» **Exercise input**:
- Opening Delimiter -
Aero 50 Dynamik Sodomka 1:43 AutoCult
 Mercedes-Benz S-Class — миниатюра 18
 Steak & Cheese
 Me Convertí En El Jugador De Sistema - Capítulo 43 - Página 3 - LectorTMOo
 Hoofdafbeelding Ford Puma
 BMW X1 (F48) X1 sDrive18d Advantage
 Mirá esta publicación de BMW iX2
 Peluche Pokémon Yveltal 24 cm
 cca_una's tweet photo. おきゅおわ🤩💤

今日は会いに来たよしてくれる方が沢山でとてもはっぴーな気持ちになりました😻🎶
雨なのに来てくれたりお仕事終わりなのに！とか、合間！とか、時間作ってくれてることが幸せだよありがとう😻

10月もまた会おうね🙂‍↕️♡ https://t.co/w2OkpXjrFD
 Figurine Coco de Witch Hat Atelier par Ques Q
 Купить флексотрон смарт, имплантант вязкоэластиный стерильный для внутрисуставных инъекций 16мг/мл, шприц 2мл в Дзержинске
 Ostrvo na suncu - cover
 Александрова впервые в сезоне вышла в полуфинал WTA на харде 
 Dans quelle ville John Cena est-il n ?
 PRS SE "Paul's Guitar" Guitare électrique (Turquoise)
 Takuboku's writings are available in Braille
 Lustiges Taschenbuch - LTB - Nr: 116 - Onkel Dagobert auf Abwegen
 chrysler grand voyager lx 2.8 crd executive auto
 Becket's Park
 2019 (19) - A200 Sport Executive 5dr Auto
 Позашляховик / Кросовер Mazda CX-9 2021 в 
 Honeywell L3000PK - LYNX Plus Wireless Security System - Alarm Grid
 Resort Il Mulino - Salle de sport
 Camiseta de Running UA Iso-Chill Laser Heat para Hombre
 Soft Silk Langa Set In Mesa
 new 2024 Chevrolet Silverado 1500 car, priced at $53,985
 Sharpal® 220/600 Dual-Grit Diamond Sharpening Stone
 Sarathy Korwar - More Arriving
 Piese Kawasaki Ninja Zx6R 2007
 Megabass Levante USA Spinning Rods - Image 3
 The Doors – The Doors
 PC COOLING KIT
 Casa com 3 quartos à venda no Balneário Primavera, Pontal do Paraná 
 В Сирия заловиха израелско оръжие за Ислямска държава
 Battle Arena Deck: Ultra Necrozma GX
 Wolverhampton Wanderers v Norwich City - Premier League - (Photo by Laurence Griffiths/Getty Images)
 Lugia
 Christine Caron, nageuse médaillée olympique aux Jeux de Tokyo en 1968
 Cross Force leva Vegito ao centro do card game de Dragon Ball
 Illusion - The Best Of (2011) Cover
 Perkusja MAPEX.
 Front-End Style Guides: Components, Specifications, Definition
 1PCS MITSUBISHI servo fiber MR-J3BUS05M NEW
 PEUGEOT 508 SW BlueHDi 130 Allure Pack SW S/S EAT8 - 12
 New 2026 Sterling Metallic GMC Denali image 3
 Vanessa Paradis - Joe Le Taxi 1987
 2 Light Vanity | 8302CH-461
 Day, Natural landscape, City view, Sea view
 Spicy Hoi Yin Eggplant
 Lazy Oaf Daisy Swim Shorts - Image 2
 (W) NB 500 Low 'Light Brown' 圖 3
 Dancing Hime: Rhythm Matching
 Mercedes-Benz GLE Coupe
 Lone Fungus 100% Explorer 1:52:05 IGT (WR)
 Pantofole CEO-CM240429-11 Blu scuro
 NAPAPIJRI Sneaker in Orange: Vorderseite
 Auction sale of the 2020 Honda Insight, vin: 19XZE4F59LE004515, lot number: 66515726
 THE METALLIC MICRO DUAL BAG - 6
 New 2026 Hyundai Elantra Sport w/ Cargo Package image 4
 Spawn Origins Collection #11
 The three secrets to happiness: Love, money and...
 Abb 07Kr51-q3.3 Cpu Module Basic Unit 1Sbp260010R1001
- Closing Delimiter -
» **Your assignment**: Please reproduce exactly the lines in the listing above from the one containing "Mercedes-Benz GLE Coupe" through the one containing "THE METALLIC MICRO DUAL BAG - 6", both included, and nothing more.

» **Answer below**:
 Mercedes-Benz GLE Coupe
 Lone Fungus 100% Explorer 1:52:05 IGT (WR)
 Pantofole CEO-CM240429-11 Blu scuro
 NAPAPIJRI Sneaker in Orange: Vorderseite
 Auction sale of the 2020 Honda Insight, vin: 19XZE4F59LE004515, lot number: 66515726
 THE METALLIC MICRO DUAL BAG - 6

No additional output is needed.